Appended attached drawing, is described in detail below.
Description of the drawings
It, below will be to specific in order to illustrate more clearly of the specific embodiment of the invention or technical solution in the prior art
Embodiment or attached drawing needed to be used in the description of the prior art are briefly described, it should be apparent that, in being described below
Attached drawing is some embodiments of the present invention, for those of ordinary skill in the art, before not making the creative labor
It puts, other drawings may also be obtained based on these drawings.
Fig. 1 is the arrester evaluating apparatus schematic diagram provided in an embodiment of the present invention based on big data analysis;
Fig. 2 is another arrester evaluating apparatus schematic diagram based on big data analysis provided in an embodiment of the present invention;
Fig. 3 is the arrester evaluation method flow chart provided in an embodiment of the present invention based on big data analysis;
Fig. 4 is another arrester evaluation method flow chart based on big data analysis provided in an embodiment of the present invention.
Icon:
10- quantity of state taxonomic revision units;20- fuzzy set overall analysis systems;21- comprehensive state amount weighted judgment subsystems
System;22- membership functions determine subsystem;30- fuzzy evaluation set units;40- weighted scoring units;50- fault verification lists
Member;60- information quantization display units.
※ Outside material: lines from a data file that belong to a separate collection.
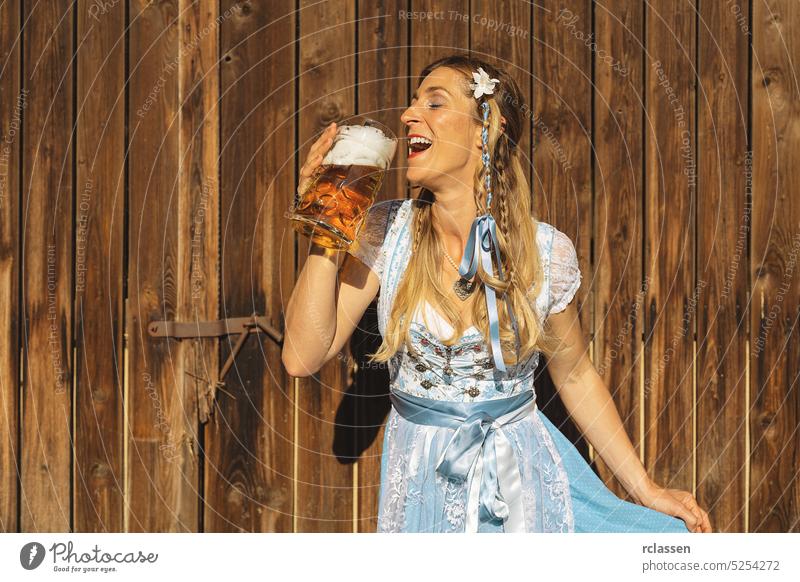 Frau auf dem Oktoberfest in traditioneller bayerischer Tracht trinkt Bier aus einem großen Krug in einem bayerischen oder Biergarten gold Party Restaurant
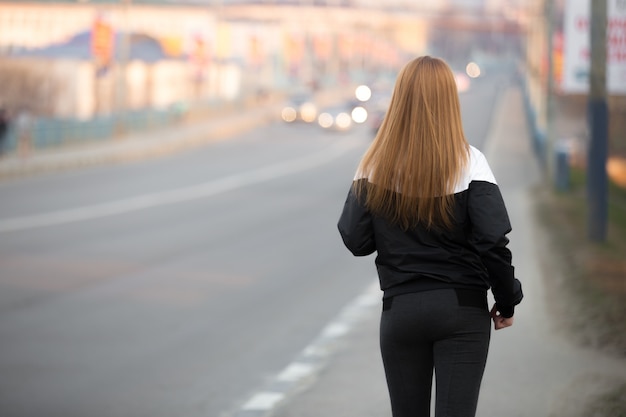 Morning jogging on the city bridge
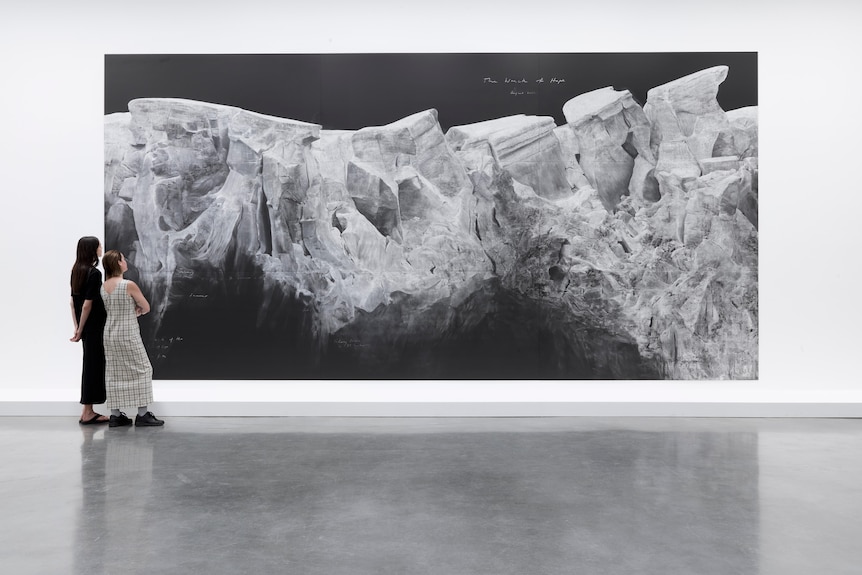 Two people stand observing a large canvas featuring a black and white image, hanging in a gallery.
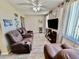 Comfortable living room featuring reclining leather sofas, a ceiling fan, and natural light at 2457 Ecuadorian Way # 57, Clearwater, FL 33763
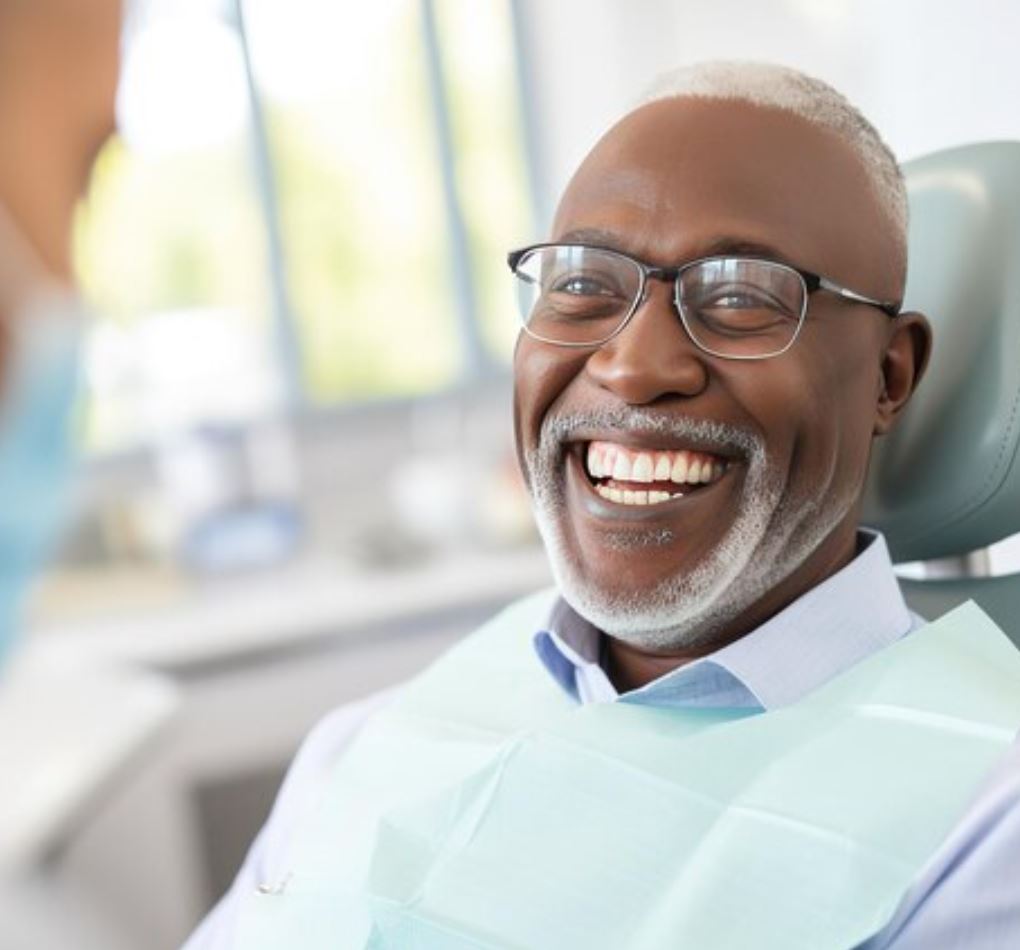 Gentleman smiling during a dental visit
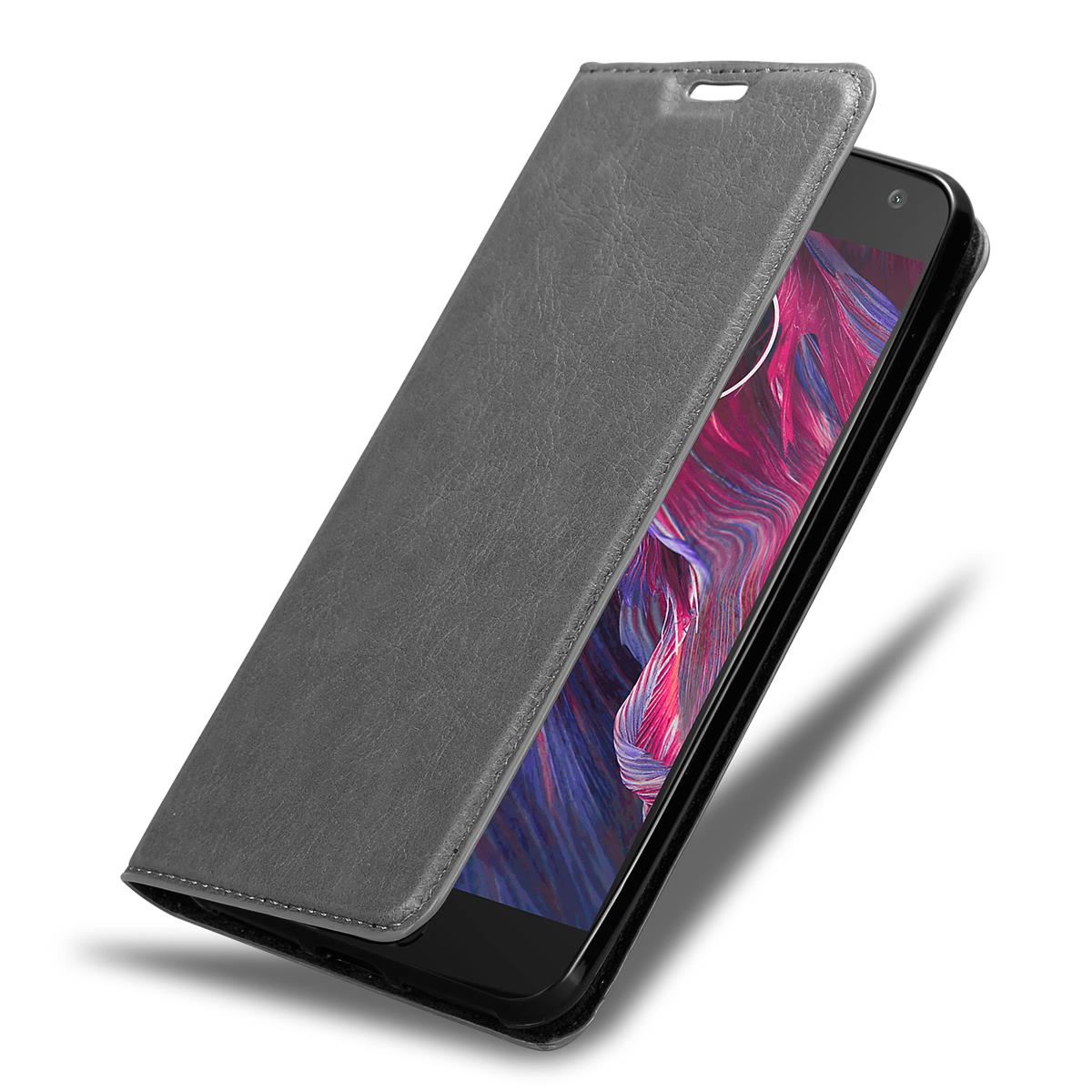 Graue Handyhülle, offen, bedeckt ein Telefon.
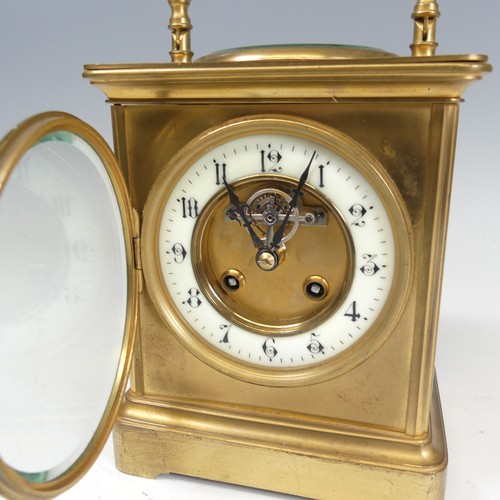 301 - A large French brass carriage Clock, the dial centre inset with the visible lever escapement and ena... 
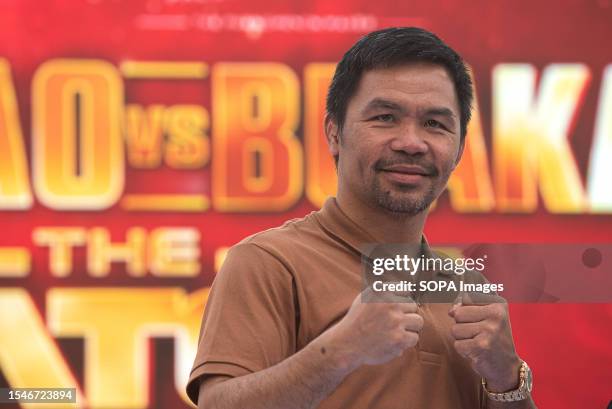 Manny Pacquiao, a Filipino boxer poses for a photo to the media during a press conference for the exhibition boxing fight at Iconsiam in Bangkok. The...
Specific implementation mode
In order to make the object, technical scheme and advantages of the embodiment of the invention clearer, below in conjunction with attached drawing to the present invention
Technical solution be clearly and completely described, it is clear that described embodiments are some of the embodiments of the present invention, rather than
Whole embodiments.Based on the embodiments of the present invention, those of ordinary skill in the art are not making creative work premise
Lower obtained every other embodiment, shall fall within the protection scope of the present invention.
Currently, traditional arrester status assessment mode is based primarily upon the data of live testing or on-line monitoring, in event
Barrier is mainly taken when judging carries out marking judgement to abnormal index amount, but this marking mode is wanted in the selection for referring to scalar weight
Excessively fixed or artificial subjectivity is too strong, while visiting from the data variation degree of each independent information parameter mutually
Study carefully fault type, this is all easy to cause the case where diagnosis is judged by accident, and condition adjudgement is because rely on artificial it is determined that efficiency is very low.
Based on this, arrester evaluating apparatus and method provided in an embodiment of the present invention based on big data analysis overcome traditional marking
The artificial factor that gets sth into one's head that system introduces, accuracy rate is higher, improves judging efficiency, has ensured the safe operation of electric system.
For ease of understanding the present embodiment, first to the keeping away based on big data analysis disclosed in the embodiment of the present invention
Thunder device evaluating apparatus describes in detail.
Embodiment one:
Fig. 1 is the arrester evaluating apparatus schematic diagram provided in an embodiment of the present invention based on big data analysis.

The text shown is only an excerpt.